> _WHAT YOU HAVE TO DO_: Every line of the data below is to be given again as it appears, with the images removed.

> _DATA_:
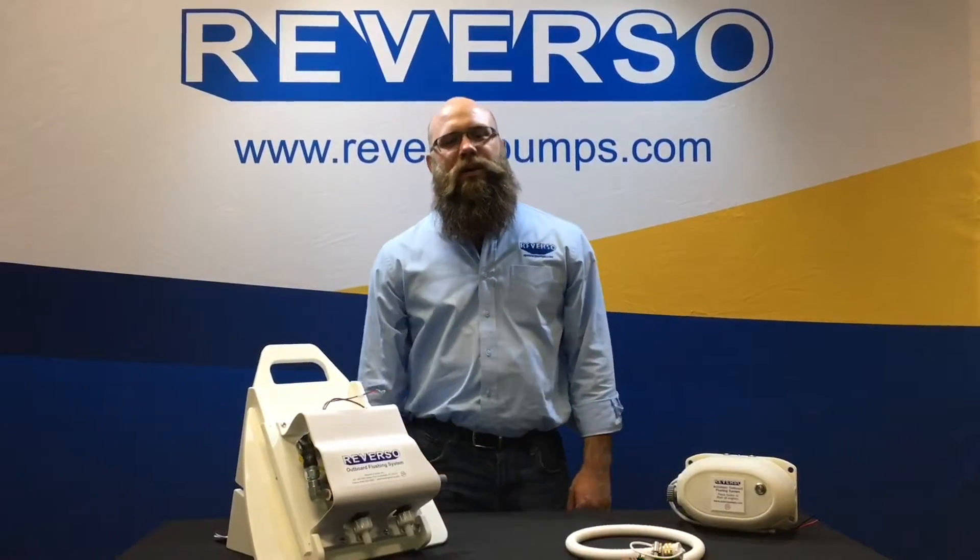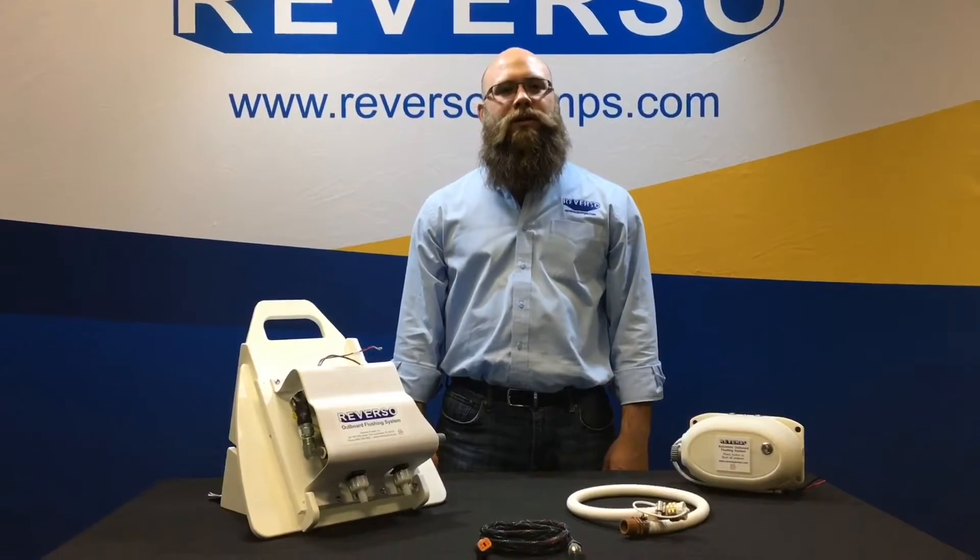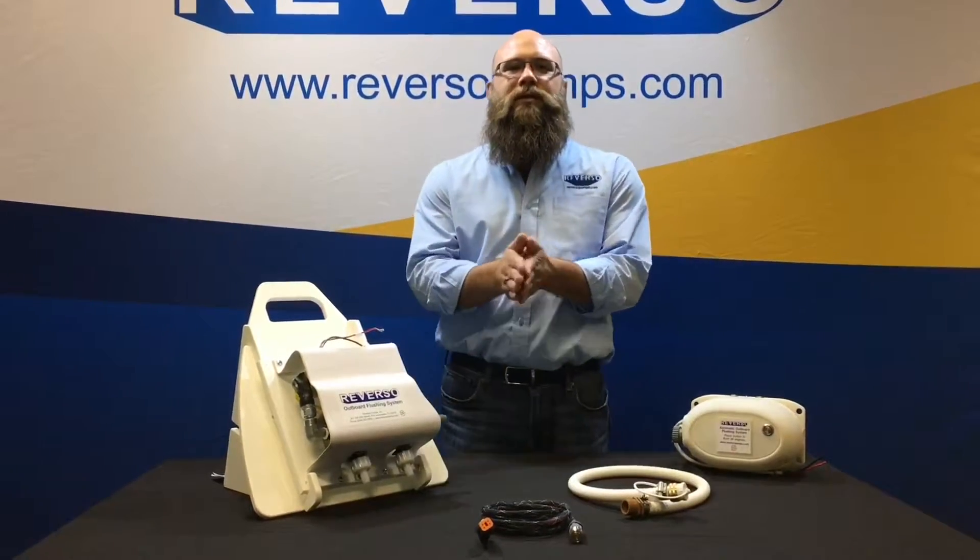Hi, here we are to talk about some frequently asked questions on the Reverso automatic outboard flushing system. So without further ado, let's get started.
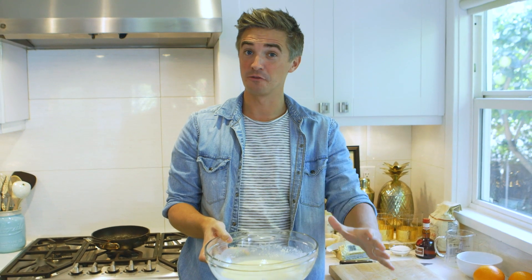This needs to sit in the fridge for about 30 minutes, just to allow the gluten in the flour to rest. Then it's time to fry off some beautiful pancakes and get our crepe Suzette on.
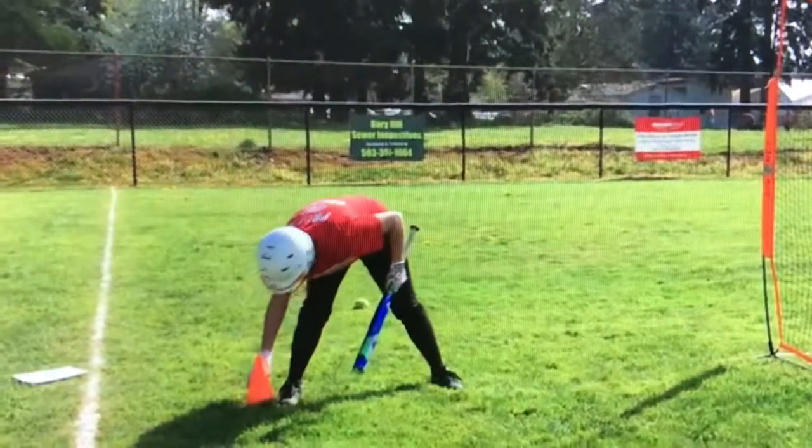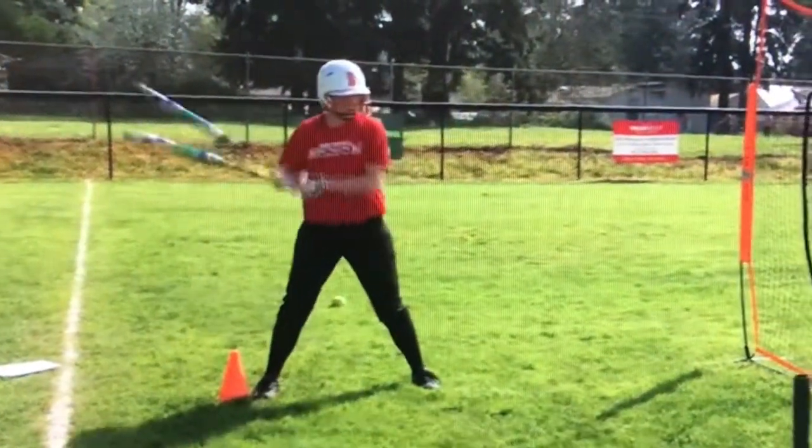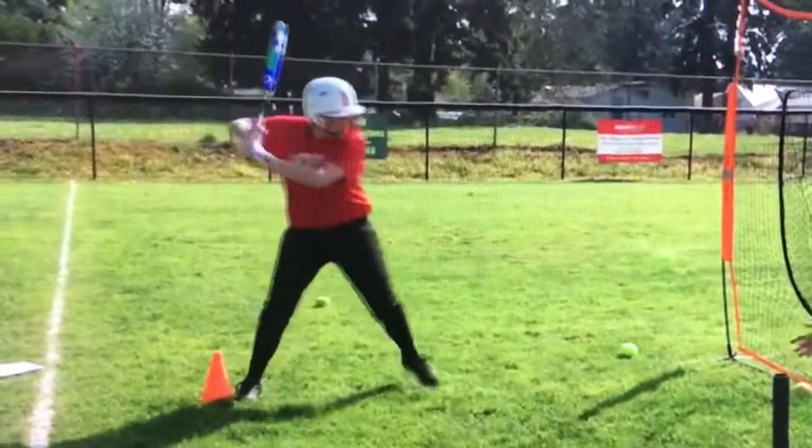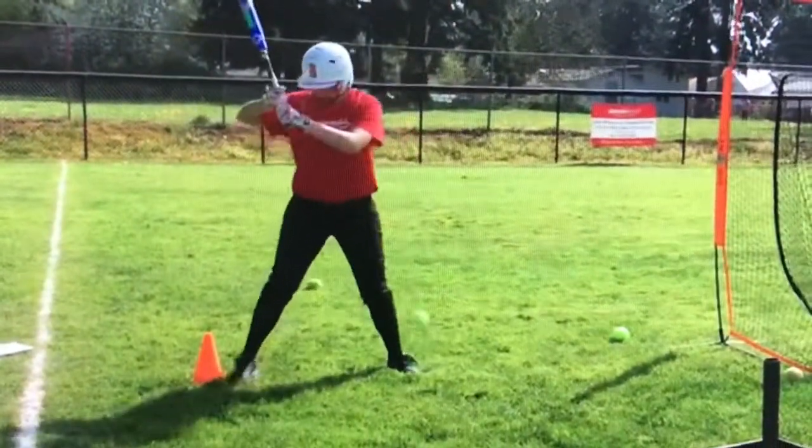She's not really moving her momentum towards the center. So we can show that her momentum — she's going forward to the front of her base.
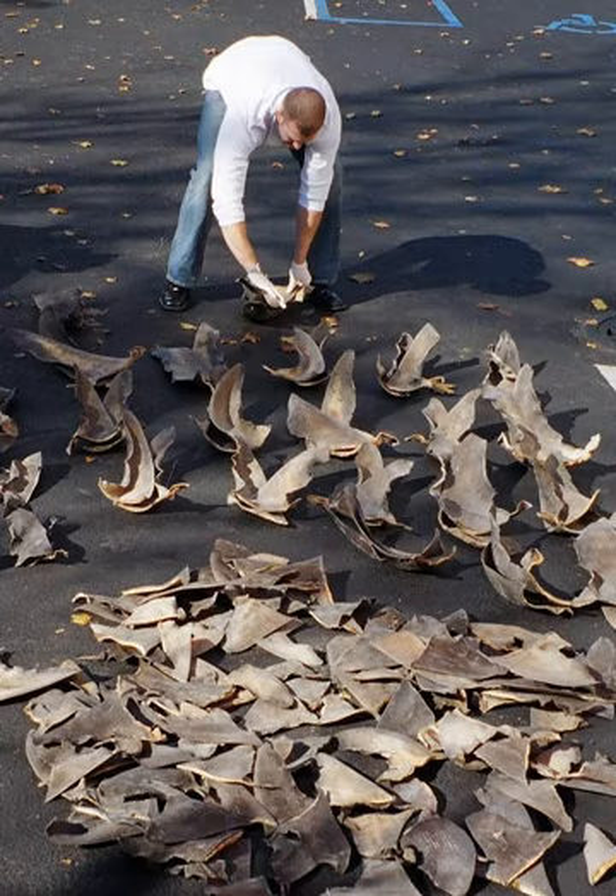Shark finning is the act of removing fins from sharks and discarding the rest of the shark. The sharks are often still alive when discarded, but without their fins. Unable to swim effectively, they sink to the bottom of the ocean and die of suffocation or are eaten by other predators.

> _RESPONSE AREA_:
Hi, here we are to talk about some frequently asked questions on the Reverso automatic outboard flushing system. So without further ado, let's get started.
This needs to sit in the fridge for about 30 minutes, just to allow the gluten in the flour to rest. Then it's time to fry off some beautiful pancakes and get our crepe Suzette on.
She's not really moving her momentum towards the center. So we can show that her momentum — she's going forward to the front of her base.
Shark finning is the act of removing fins from sharks and discarding the rest of the shark. The sharks are often still alive when discarded, but without their fins. Unable to swim effectively, they sink to the bottom of the ocean and die of suffocation or are eaten by other predators.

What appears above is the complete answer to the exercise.